En este mensaje veremos que, como parte de su presente, los creyentes han sido santificados por el Espíritu y se han arrepentido.
Los creyentes son santificados, apartados para Dios, por el Espíritu (1 P. 1:2). El título divino el Espíritu Santo denota a Dios que llega a nosotros para hacernos santos como Él es santo. El Espíritu Santo nos aparta para Dios con el propósito de hacernos santos. Por tanto, después del llamamiento de Dios, el Espíritu viene a santificarnos.
En 1 Pedro 1:2 se hace referencia a los “escogidos según la presciencia de Dios Padre en santificación del Espíritu, para la obediencia y la aspersión de la sangre de Jesucristo”. En este versículo la santificación del Espíritu no se refiere a la santificación que el Espíritu efectúa después que somos justificados mediante la obra redentora de Cristo, sino a la santificación que el Espíritu efectúa antes que seamos justificados mediante la redención efectuada por Cristo (1 Co. 6:11). Esto indica que la obediencia de los creyentes que da por resultado la fe en Cristo, proviene de la obra santificadora del Espíritu.

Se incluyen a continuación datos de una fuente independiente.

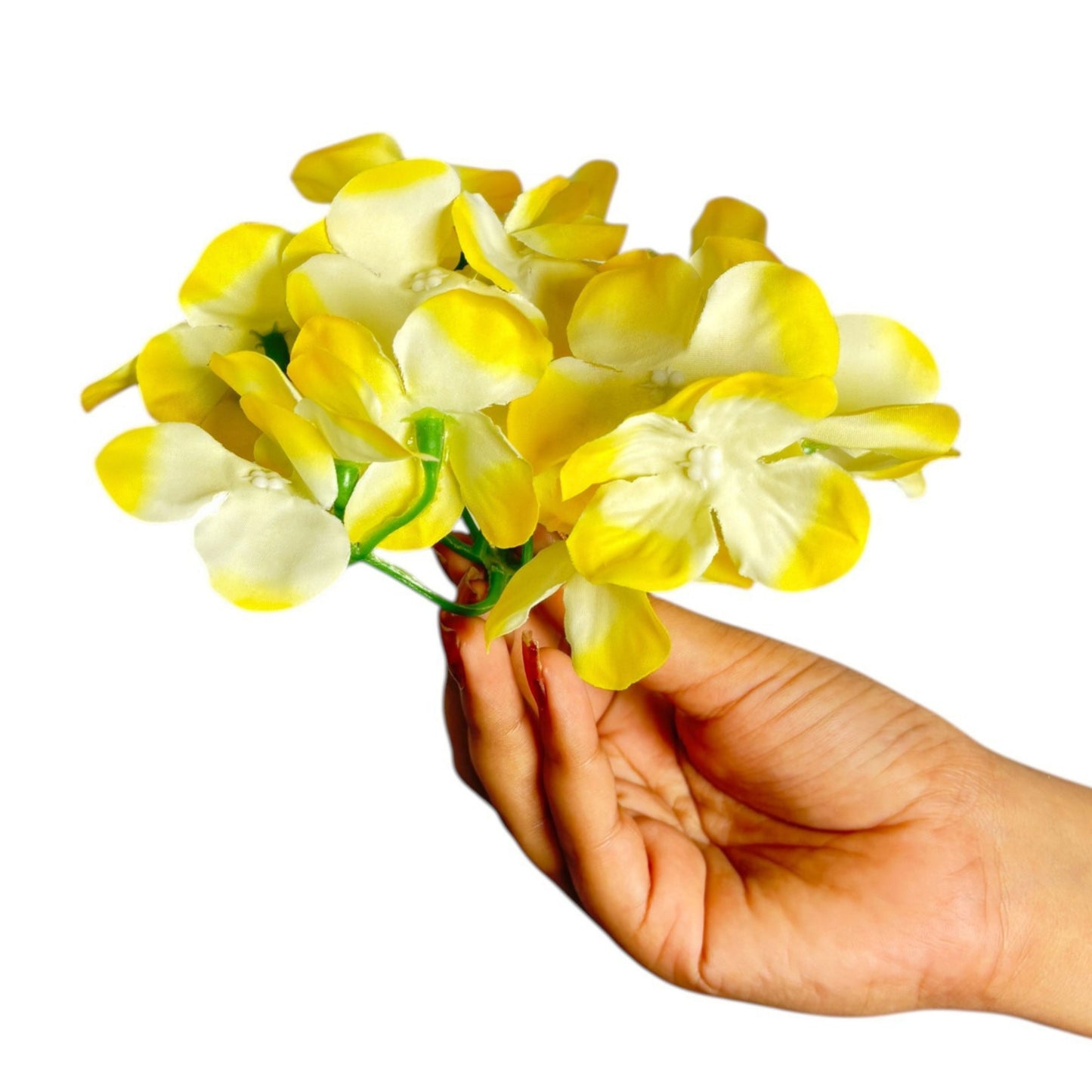 Yellow White Flr Hydrangea 27 Petals (Pack of 100)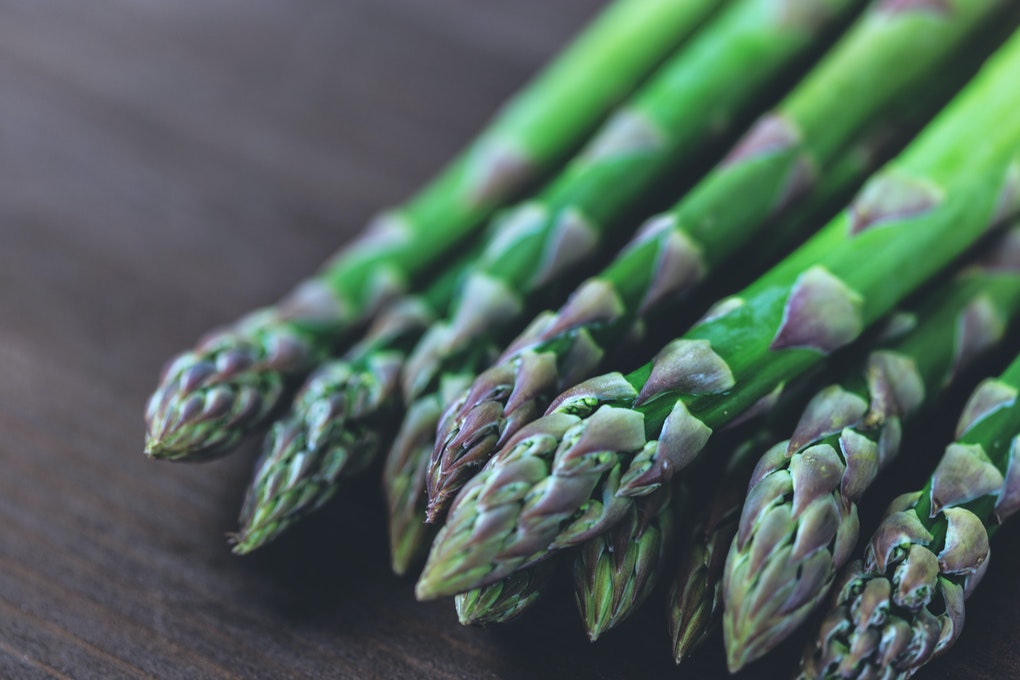 effective suppressor of free radical damage and our primary antioxidant defense.
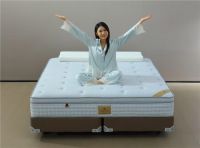 睡莲家居：秦洪金掌舵下的十年芳华，匠心传承与创新领航的时代交响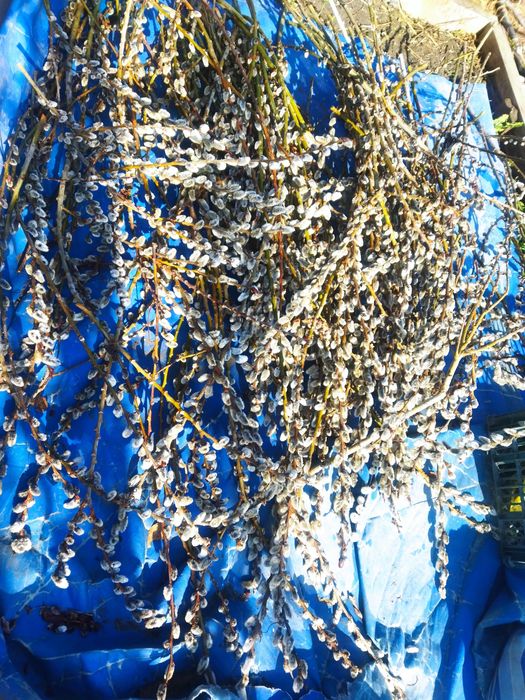 Веточки вербы на праздник, разной длины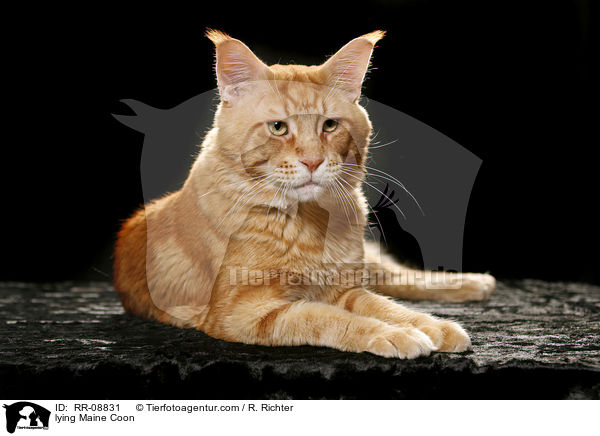 liegende Maine Coon / lying Maine Coon / RR-08831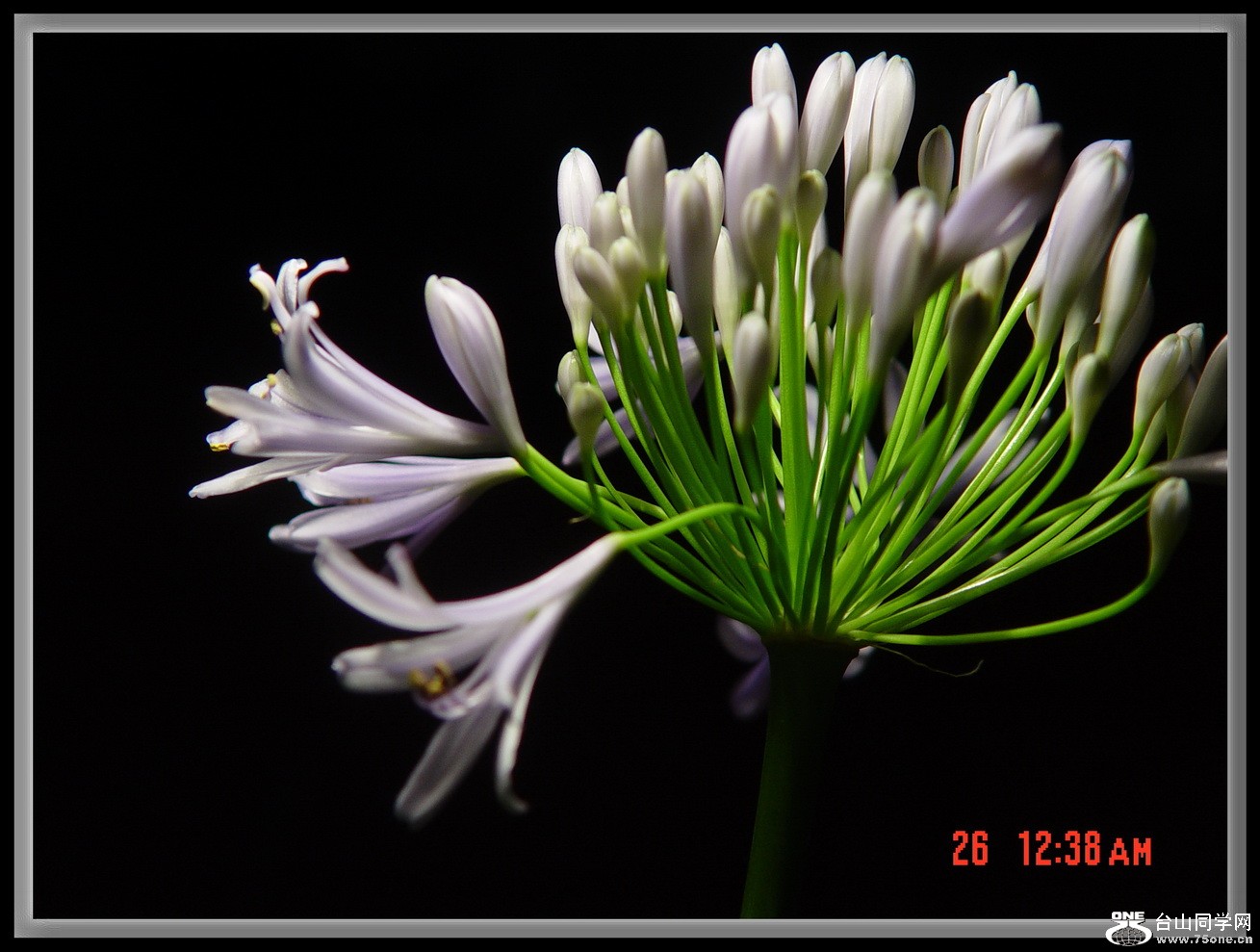 DSC05351.JPG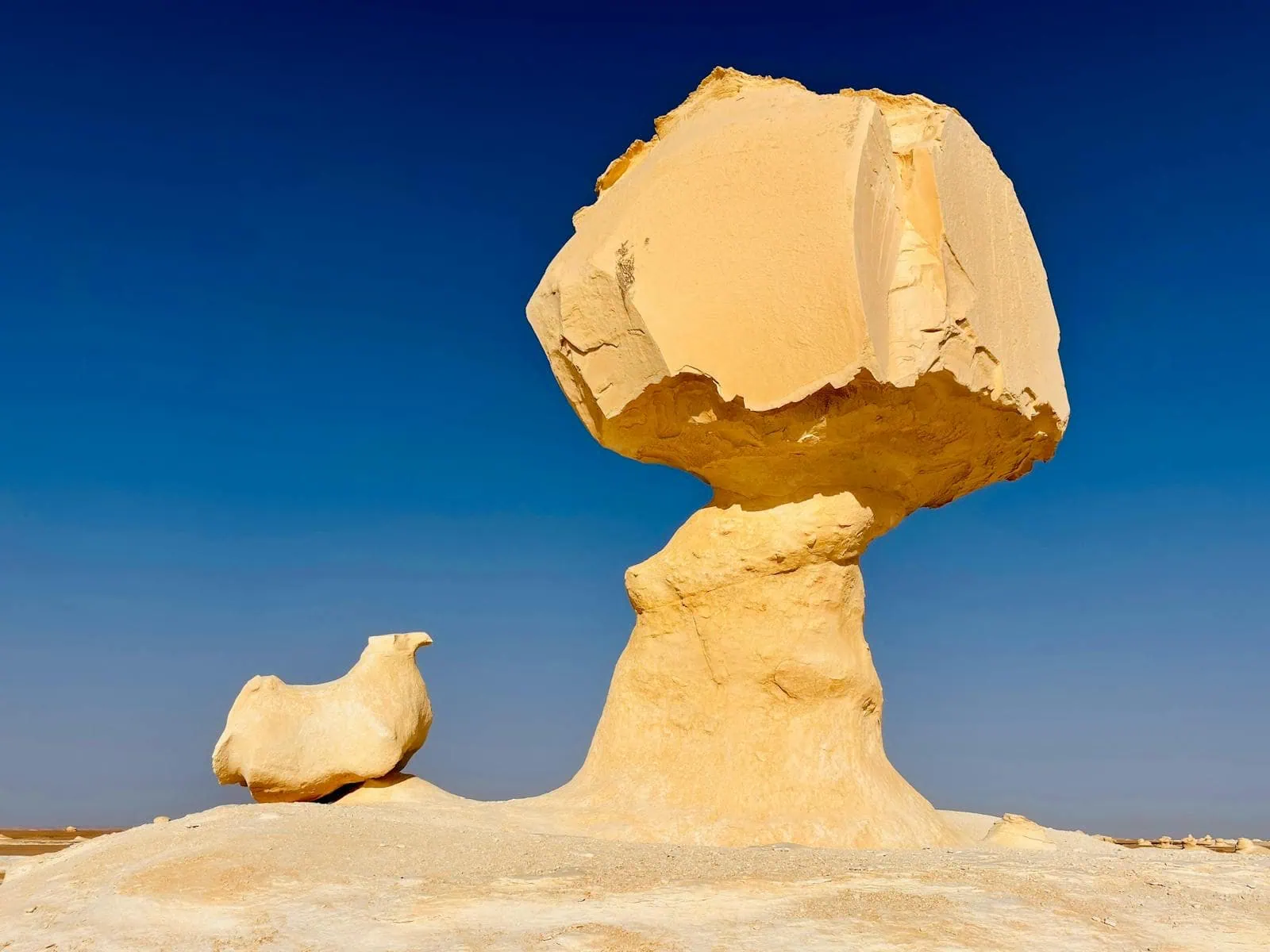 Where to Holiday in Egypt: 20 Best Places to Visit in 2026 21 The White Desert in Egypt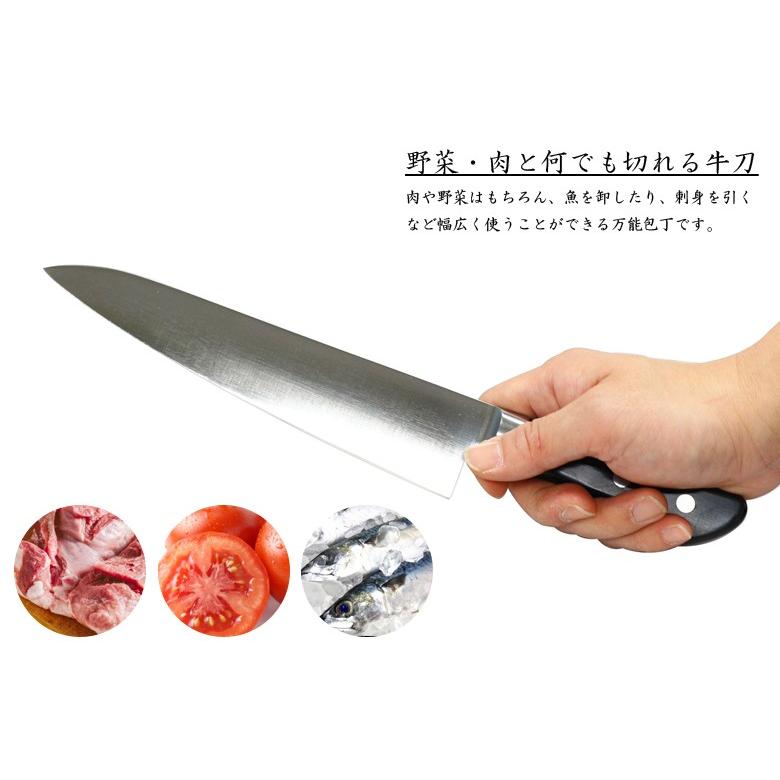 Sakai Takayuki Gyuto 210mm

Hay dos aspectos en cuanto a la santificación que el Espíritu efectúa. El primer aspecto precede a nuestra experiencia de la justificación. Este aspecto de la santificación implementa la elección efectuada por Dios, Su selección, y conduce a los escogidos a la obediencia y a recibir la aspersión de la sangre para que sean justificados. Por tanto, este aspecto de la santificación del Espíritu tiene lugar antes de la justificación realizada por la obra redentora de Cristo. Entonces, después de la justificación, el Espíritu continúa Su obra a fin de santificarnos en cuanto a nuestra manera de ser. La secuencia es la siguiente: la elección de Dios, la santificación del Espíritu, la justificación y la santificación subjetiva.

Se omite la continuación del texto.